## Your assignment
Copy the entries that appear below in full, leaving out any picture among them.
Given information START
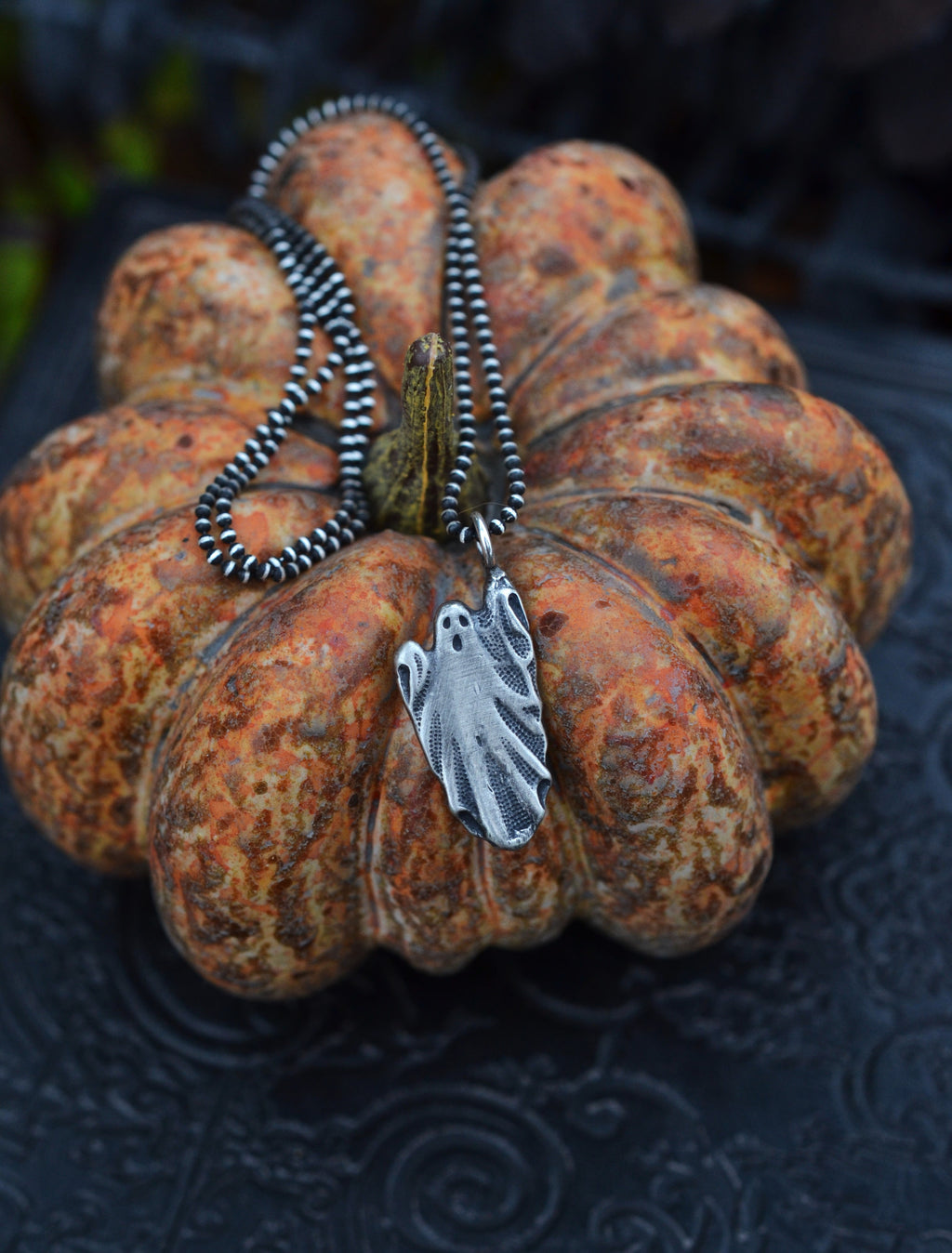 Spooky Spectre Charm Necklace - Sterling Silver - Ball Chain Included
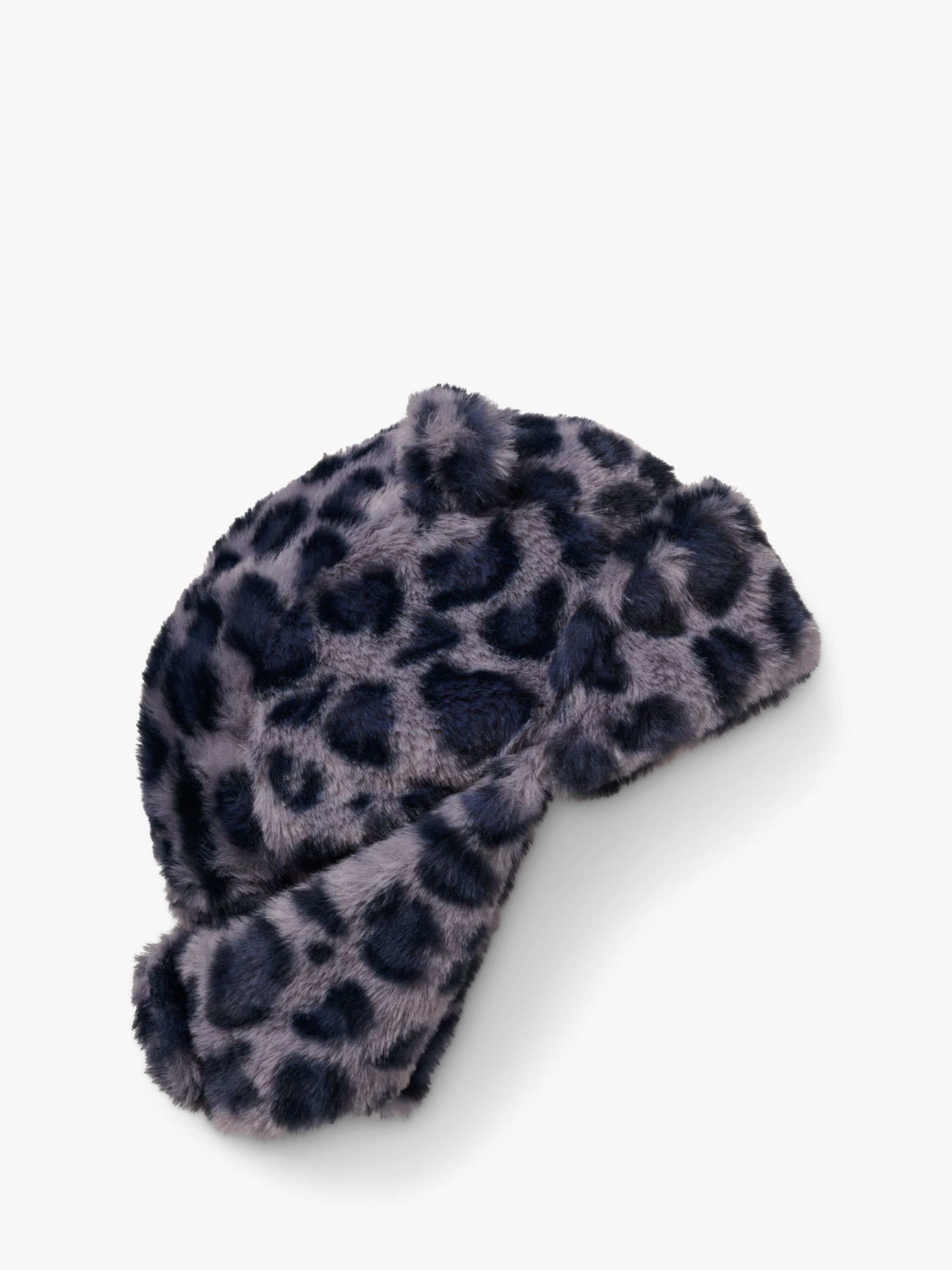 Buy Small Stuff Kids' Leopard Faux Fur Deerstalker Hat, Grey Online at johnlewis.com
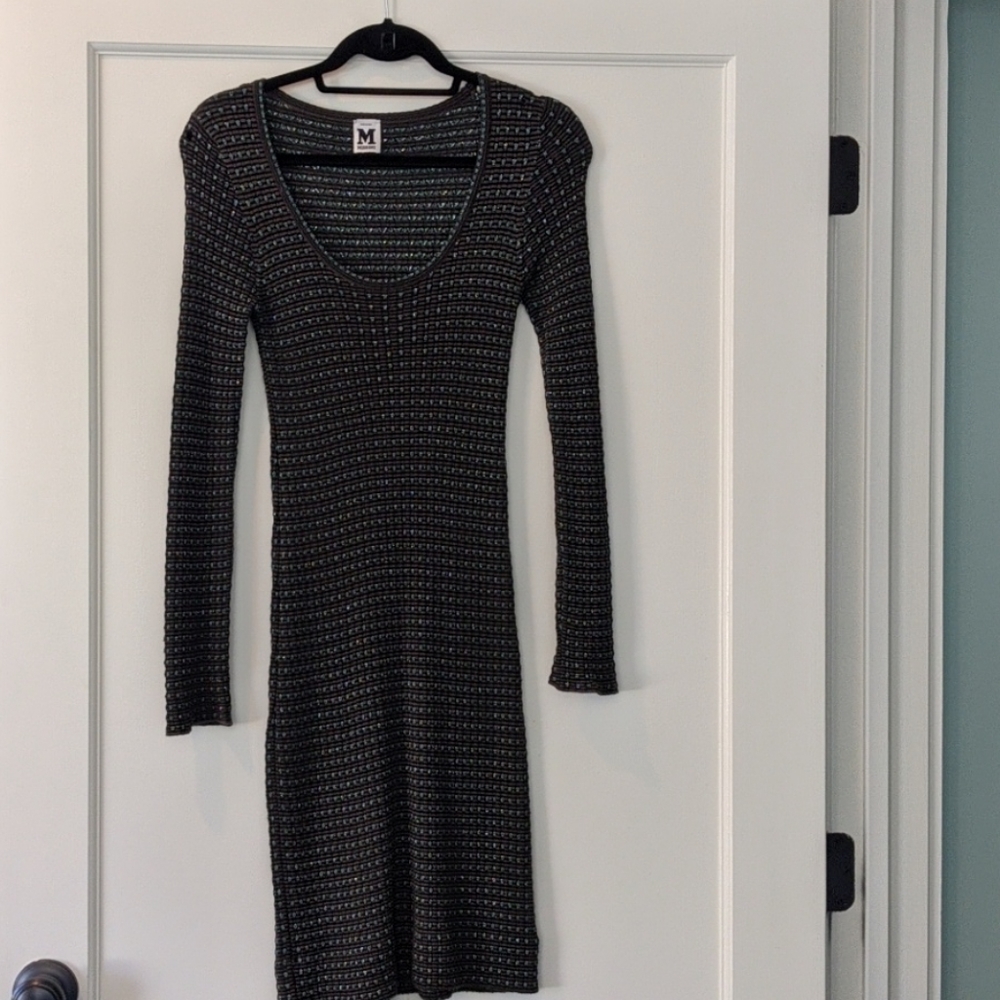 Missoni Brown sweater dress with turquoise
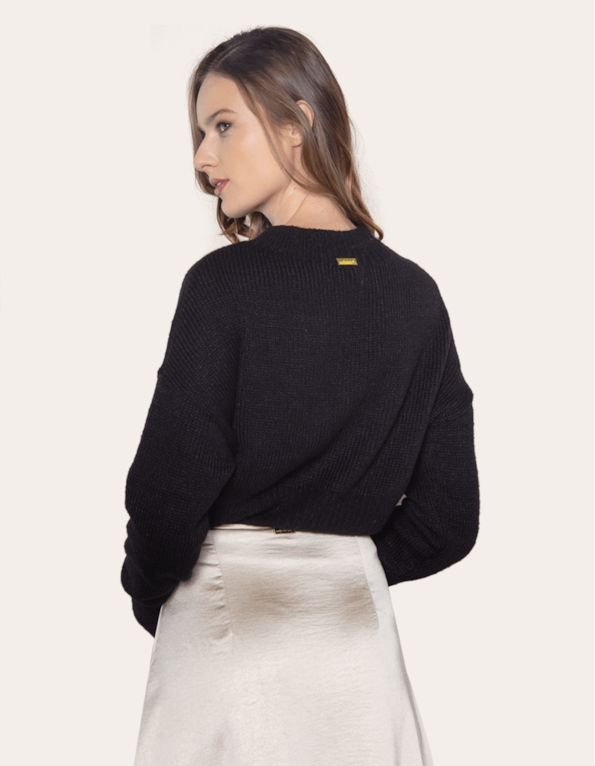 Blusa manga longa tricot felpudo Preto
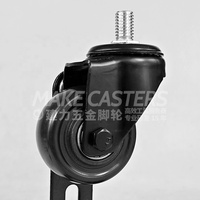 Roulettes en PP noires à usage moyen, roues à vis M10 pivotantes avec frein, roulettes de blocage 1,5 po, 2 po, 2,5 po, 3 po, 4 po, 5 po pour chariot d'usine industrielle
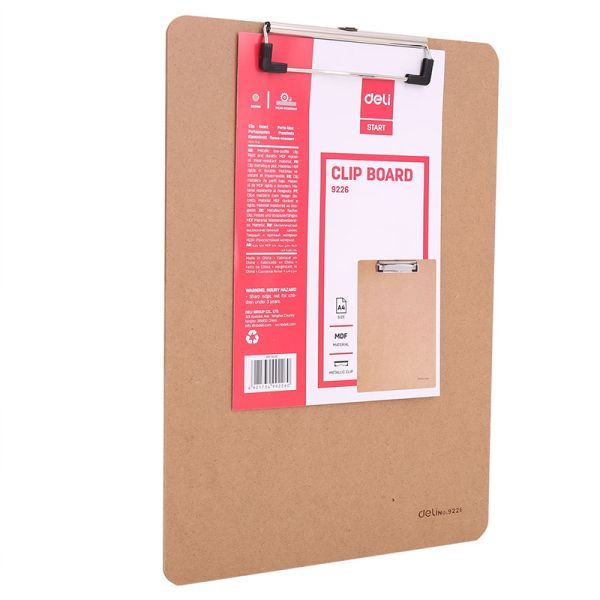 Deli Clipboard Masonite Metal Clips A4 Brown, 2 packs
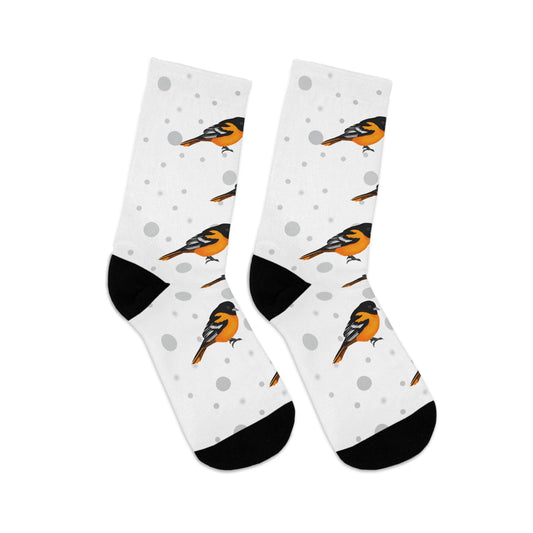 Baltimore Oriole Socks White Bird Socks for Bird Lovers One Size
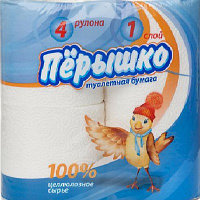 Туалетная бумага 1-сл. 100% целлюлоза ПЕРЫШКО (4рул/упак) (16упак/пак)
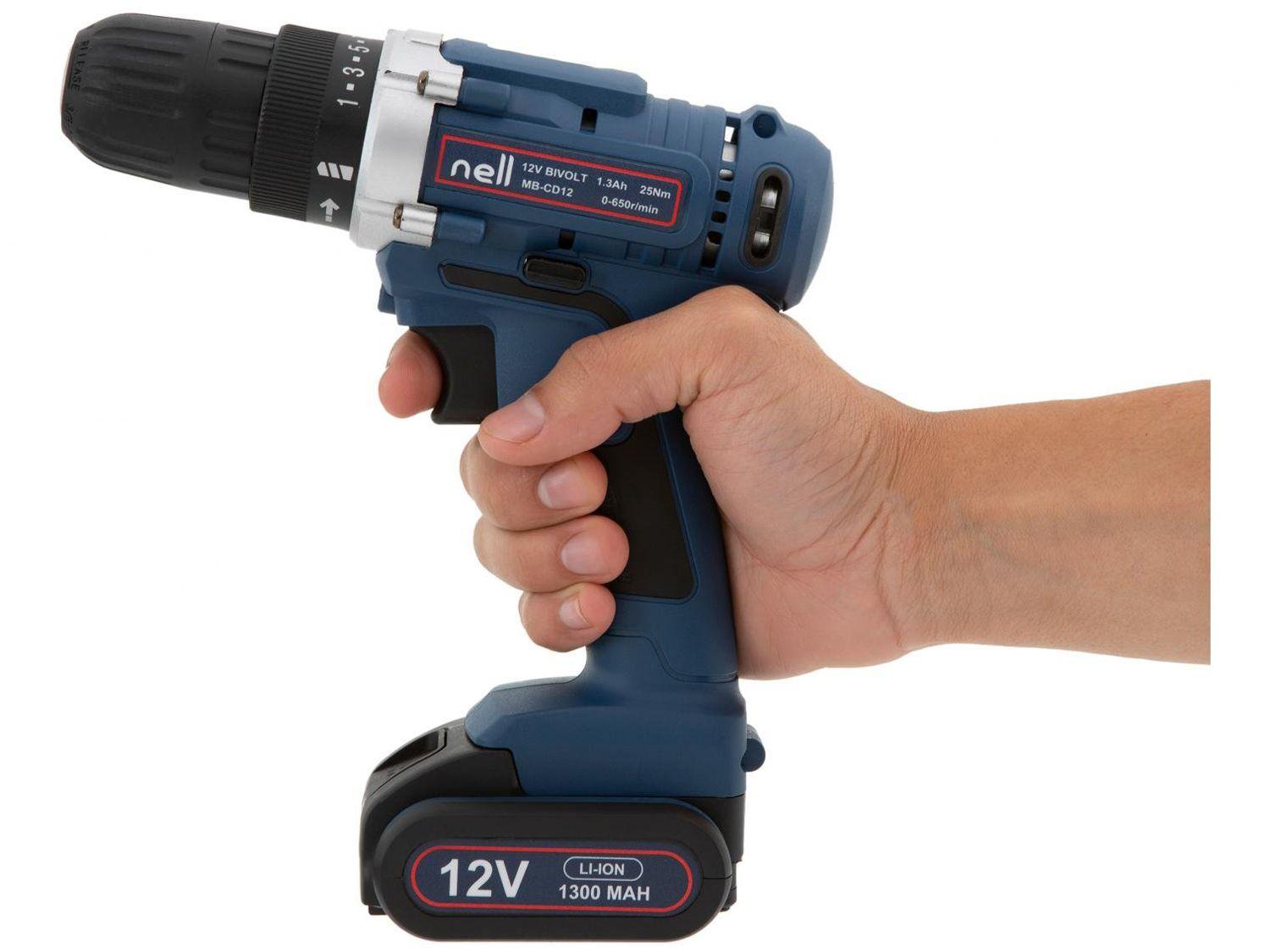 Furadeira e Parafusadeira a Bateria 12V 3/8" com Maleta + 13 Peças Nell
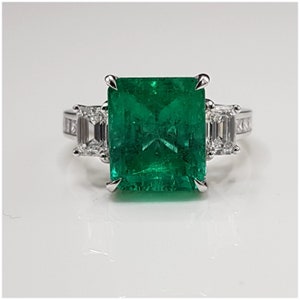 Unique Emerald Cut Emerald Engagement Ring, Natural Emerald Diamond Wedding Ring, Emerald Diamond Bridal Promise Ring May Birthstone Ring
Given information END
## Answer
 Spooky Spectre Charm Necklace - Sterling Silver - Ball Chain Included
 Buy Small Stuff Kids' Leopard Faux Fur Deerstalker Hat, Grey Online at johnlewis.com
 Missoni Brown sweater dress with turquoise
 Blusa manga longa tricot felpudo Preto
 Roulettes en PP noires à usage moyen, roues à vis M10 pivotantes avec frein, roulettes de blocage 1,5 po, 2 po, 2,5 po, 3 po, 4 po, 5 po pour chariot d'usine industrielle
 Deli Clipboard Masonite Metal Clips A4 Brown, 2 packs
 Baltimore Oriole Socks White Bird Socks for Bird Lovers One Size
 Туалетная бумага 1-сл. 100% целлюлоза ПЕРЫШКО (4рул/упак) (16упак/пак)
 Furadeira e Parafusadeira a Bateria 12V 3/8" com Maleta + 13 Peças Nell
 Unique Emerald Cut Emerald Engagement Ring, Natural Emerald Diamond Wedding Ring, Emerald Diamond Bridal Promise Ring May Birthstone Ring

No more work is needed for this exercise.